**WORK INSTRUCTION:**
Write every line below out again exactly, images omitted.

══════════════════════════════

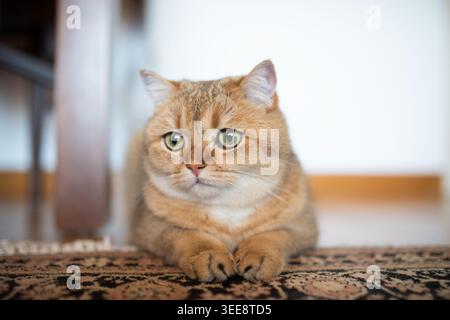 Porträt einer niedlichen Ingwerkatze mit großen grünen Augen auf gemustertem Teppich in hellem Raum. Das Tier zeigt Ruhe und Behaglichkeit und schafft Atmosphäre Stockfoto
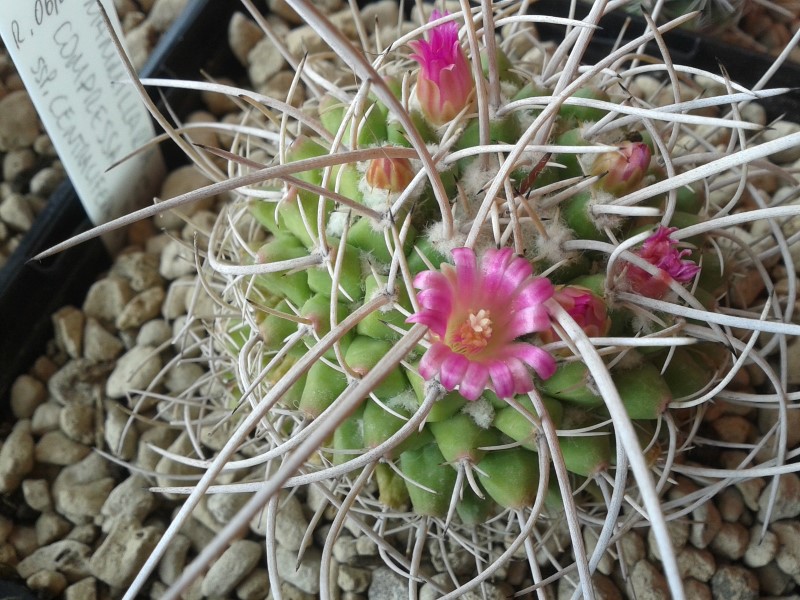 Mammillaria compressa ssp. centralifera BZ 27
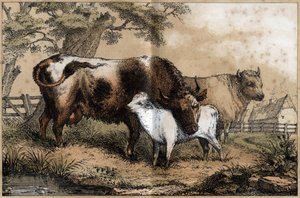 Beschrijving van de verschillende producten en toepassingen van de koe: koe, kalf in een weide. Plaat "La coache et ses produits" in "les Recreations instructives" Synoptisch schilderij door Jules Delbruck, gravure uit 1860. Privécollectie.
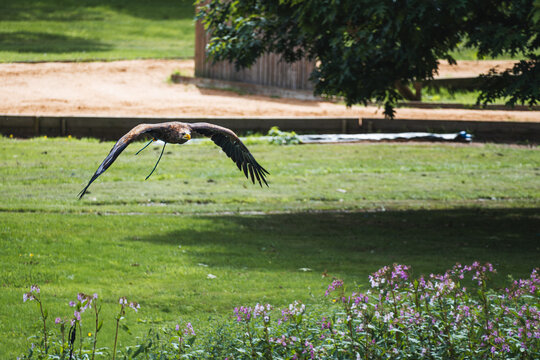 Bird of prey in flight
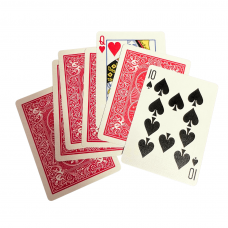 True or False Card Trick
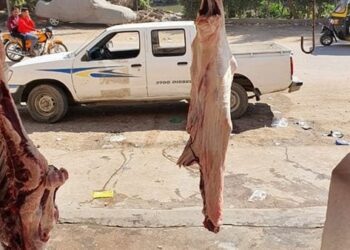 تحرير 103 محاضر تموينية متنوعة بسوهاج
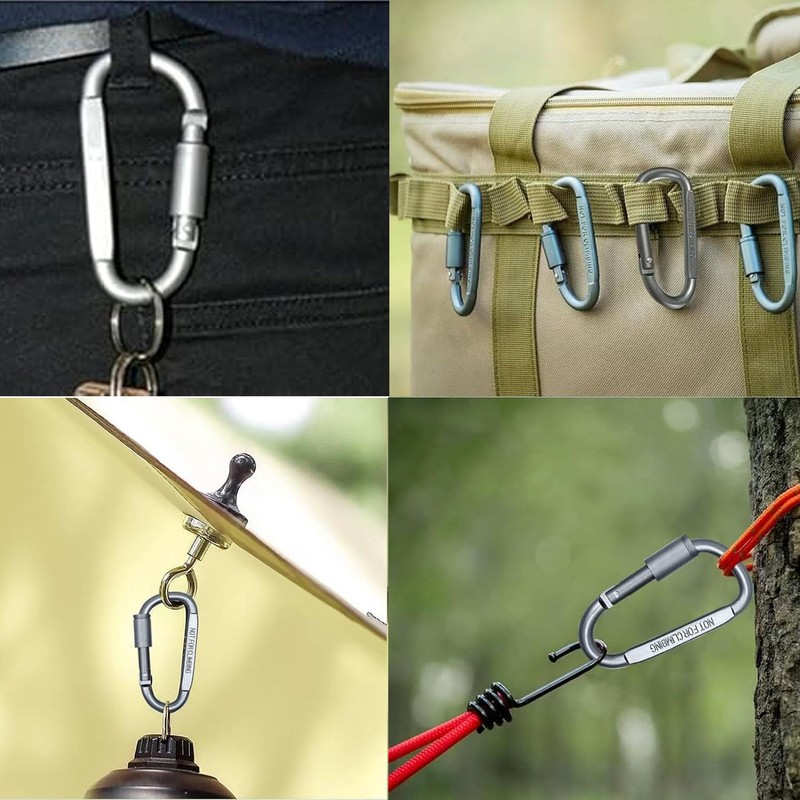 WADY Clips de Mosquetón, 10 Piezas Mosquetón Resistente con Bloqueo
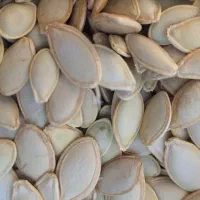 کدو گوشتی لوکس سایز ده و یازده|عمده‌فروشی|شیراز, اکبر آباد|دیوار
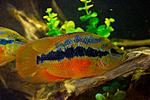 20140312 IMG 4169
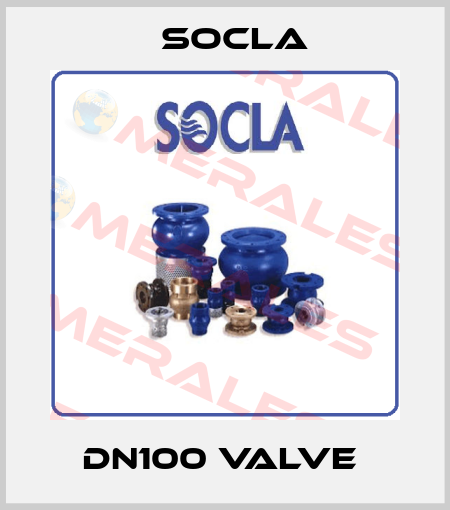 DN100 valve  Socla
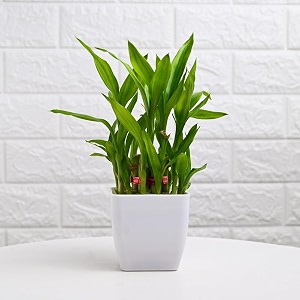 floweraura air purifying live indoor 2 layer lucky bamboo plant in white plastic blossom pot for living room balcony bedroom homeoffice decor birthday gift anniversary gift diwali gift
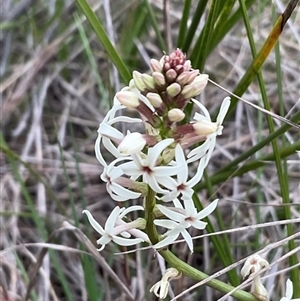 Stackhousia monogyna at Hawker, ACT - 11 Sep 2024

══════════════════════════════

**RESULT OF THIS TASK:**
 Porträt einer niedlichen Ingwerkatze mit großen grünen Augen auf gemustertem Teppich in hellem Raum. Das Tier zeigt Ruhe und Behaglichkeit und schafft Atmosphäre Stockfoto
 Mammillaria compressa ssp. centralifera BZ 27
 Beschrijving van de verschillende producten en toepassingen van de koe: koe, kalf in een weide. Plaat "La coache et ses produits" in "les Recreations instructives" Synoptisch schilderij door Jules Delbruck, gravure uit 1860. Privécollectie.
 Bird of prey in flight
 True or False Card Trick
 تحرير 103 محاضر تموينية متنوعة بسوهاج
 WADY Clips de Mosquetón, 10 Piezas Mosquetón Resistente con Bloqueo
 کدو گوشتی لوکس سایز ده و یازده|عمده‌فروشی|شیراز, اکبر آباد|دیوار
 20140312 IMG 4169
 DN100 valve  Socla
 floweraura air purifying live indoor 2 layer lucky bamboo plant in white plastic blossom pot for living room balcony bedroom homeoffice decor birthday gift anniversary gift diwali gift
 Stackhousia monogyna at Hawker, ACT - 11 Sep 2024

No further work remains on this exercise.